Berikut narasi berita seperti yang dituliskan rekan Didit di bawah ini.
Kami Bermain, Kami Belajar
Oleh: DIDIT PUTRA ERLANGGA RAHARDJO
Namanya Oyok Indische, diambil dari gabungan bahasa Sanskerta dan
Belanda yang berarti ’perebutan Indonesia’. Permainan papan itu
dikemas ala kadarnya, memanfaatkan kardus bekas bungkus jam dinding
warna coklat, termasuk sampul gambar buatan sendiri dengan guratan
pulpen.
Di dalam kotak itu ada kertas karton yang dilipat jadi dua. Bagian
dalamnya ditempeli kertas yang dibasahi air teh sehingga bercorak khas
seolah lapuk dimakan usia. Kertas itu bergambar empat pulau besar di
Indonesia, yakni Sumatera, Kalimantan, Sulawesi, dan Papua, yang
terhubung garis. Pulau Jawa yang ada di bagian bawah dibagi dalam 28
kotak ukuran sama.
Chivalry Gunawan (13), Magali Shareef (13), Kelana Cahaya Muhammad
(13), dan Ananda Bintang Purwaramdhona (13) duduk mengelilingi kertas
itu dan mengeluarkan token di atas papan. Token berupa kertas karton
yang ditempeli penjepit kertas untuk dipasang wajah pahlawan nasional,
seperti Panglima Besar Soedirman dan Mohammad Hatta serta wajah
jenderal Belanda, misalnya Raymond Westerling.
Chivalry menjelaskan, permainan Oyok Indische yang mereka buat dibagi
menjadi dua babak, yakni balapan dan pertempuran. Dua pihak, Indonesia
dan Belanda, mengawali permainan dari sisi barat atau timur Indonesia
dan berusaha menempatkan token ke sisi seberang.
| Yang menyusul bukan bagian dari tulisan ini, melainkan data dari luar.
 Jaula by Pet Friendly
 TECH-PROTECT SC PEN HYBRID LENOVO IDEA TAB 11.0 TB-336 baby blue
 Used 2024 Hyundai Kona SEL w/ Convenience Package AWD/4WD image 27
”Bergantian, kartu berisi fakta sejarah dibacakan. Jika sejarah
menguntungkan Indonesia, token bergerak satu langkah, begitu
sebaliknya,” ujarnya. Pemenang babak pertama punya keunggulan bergerak
pertama kali di babak berikut, yakni pertempuran di Jawa.
Tiap tim mendapat 10 pasukan yang bisa saling mengalahkan dengan
mendorong ke luar dari kotak pertempuran.
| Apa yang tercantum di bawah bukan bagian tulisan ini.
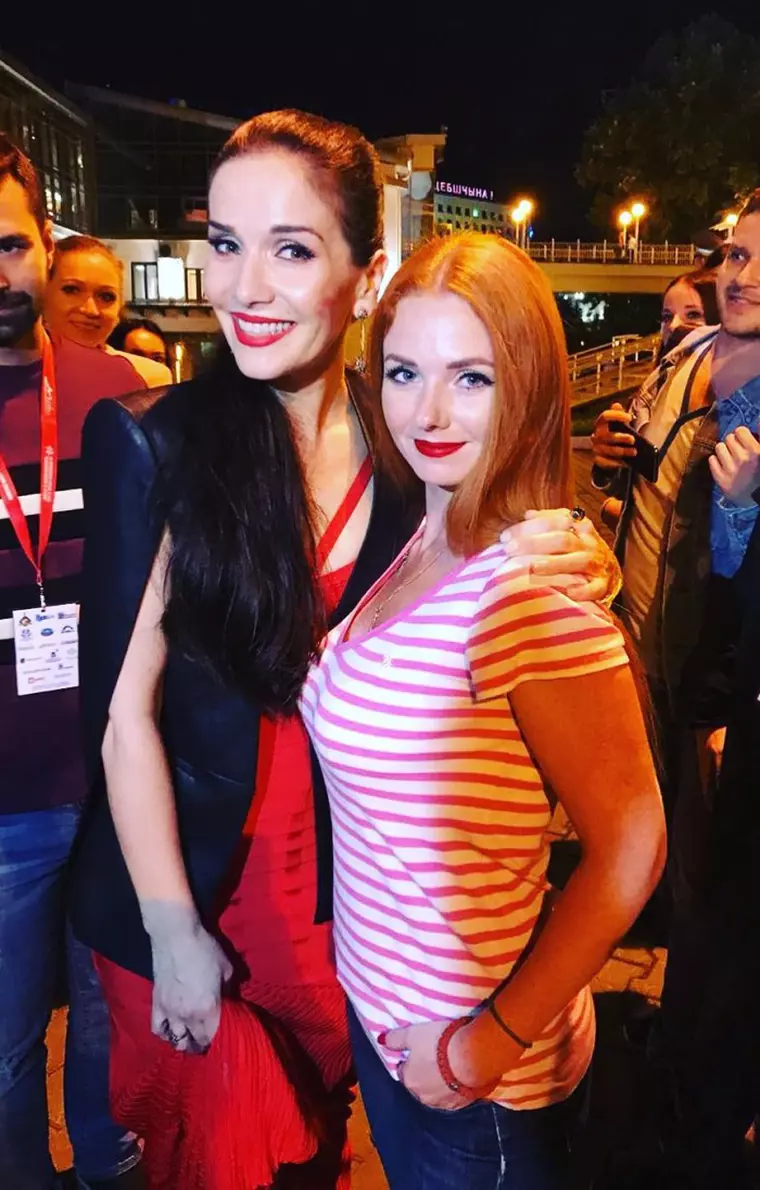 Cum arată astăzi fetele din trupa t.A.T.u. Făceau furori în urmă cu 20 de ani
Adapun permainan Anderpati punya mekanisme berbeda, menempatkan pemain
demi menguasai kota di sejumlah pulau.
Layaknya permainan monopoli, pemain lawan yang melintas ke kota yang
dikuasai harus membayar pajak atau merebut lewat lemparan dadu. ”Di
tengah permainan, pemain harus bisa menjawab pertanyaan fakta-fakta
sejarah agar tak kena hukuman,” kata Darius Cristopher Ethan Samuel.
Ethan membuat permainan bernama Anderpati yang berarti ’pemberani’ itu
bersama empat temannya. Mereka menggabungkan mekanisme permainan
monopoli, trivia, dan kartu.
Riset
Membuat permainan papan merupakan bagian dari pendidikan berbasis
proyek yang dilakukan SMP Semi Palar di Bandung, Jawa Barat. Untuk
pelajaran sejarah kelas VIII, siswa harus belajar sejarah Indonesia
dari kebangkitan nasional hingga kemerdekaan. Jalan yang dipilih bukan
dengan membuka buku dan menghafal isinya.
Cecilia Btari Saraswati yang terlibat pembuatan mainan papan Pataka
menyatakan tertantang mengumpulkan fakta sejarah dari berbagai
referensi di buku dan internet. Terlebih saat ia mencoba bersama
keluarga di rumah dan bergembira sepanjang permainan.
Dinamika itu, menurut Andy Sutioso, Koordinator Utama Rumah Belajar
Semi Palar, merupakan hal menggembirakan. Para pelajar antusias
mencari bahan, menyusun permainan papan, dan menikmati tiap prosesnya.
”Mereka belajar dengan gembira,” kata Andy.
Gembira
Belajar sekaligus bergembira, dua hal itu tak selamanya bertolak
belakang. Hal itu dibuktikan Ethan dan rekan-rekannya yang mempelajari
sejarah Indonesia lewat permainan papan.
Scot Osterweil, creative director dari Massachusetts Institute of
Technology, berkeyakinan, mengemas pendidikan dalam bentuk permainan
lebih efektif untuk dipahami siswa. Dengan menekankan aspek bermain,
para siswa lebih mengembangkan kreativitas daripada sibuk menghafal
isi buku.
”Bergembira tak berarti pengajaran berlangsung dengan tawa. Bergembira
bisa berwujud kerja keras, mengatasi tantangan, diakhiri kepuasan
karena berhasil melampauinya,” kata Osterweil. Salah satu proyek yang
pernah dikerjakan Osterweil adalah Vanished, permainan daring, yang
dimainkan 3.000 anak di Amerika Serikat.
Para pemain menerima pesan dari masa depan yang memberi tahu
malapetaka yang menimpa bumi sekaligus cara mencegahnya. Instruksi
yang diterima itu menggiring para pemain mengunjungi museum,
berbincang dengan para ilmuwan untuk mempelajari berbagai topik ilmu
pengetahuan alam.
Tantangan para pengajar saat ini, lanjut Osterweil, adalah menyalurkan
aktivitas bermain ke hal bermakna tanpa mengekang kebebasan dari
permainan itu sendiri. Tiap pengajar harus paham permainan yang
menarik minat siswa dan memfasilitasinya, bukan malah mendikte.
Desainer permainan Eko Nugroho mengungkapkan, masalah di Indonesia
adalah mainan pendidikan gagal memberi aspek permainan sekaligus
kehilangan makna pendidikan. Alasannya sederhana, yakni desain.
”Seolah isi buku dijadikan permainan dan masalah selesai,” ujarnya.
Sebuah permainan punya tujuan, cara bermain agar tujuan mudah
tercapai, narasi, dan medium. Kehilangan satu faktor saja membuat
permainan tak efektif.
Deta Ratna Kristanti, kurator Bincang Edukasi, sepakat, pengajaran
harus melibatkan metode yang menggembirakan. Semua tergantung pada
kreativitas pengajar untuk memfasilitasi anak didik mereka.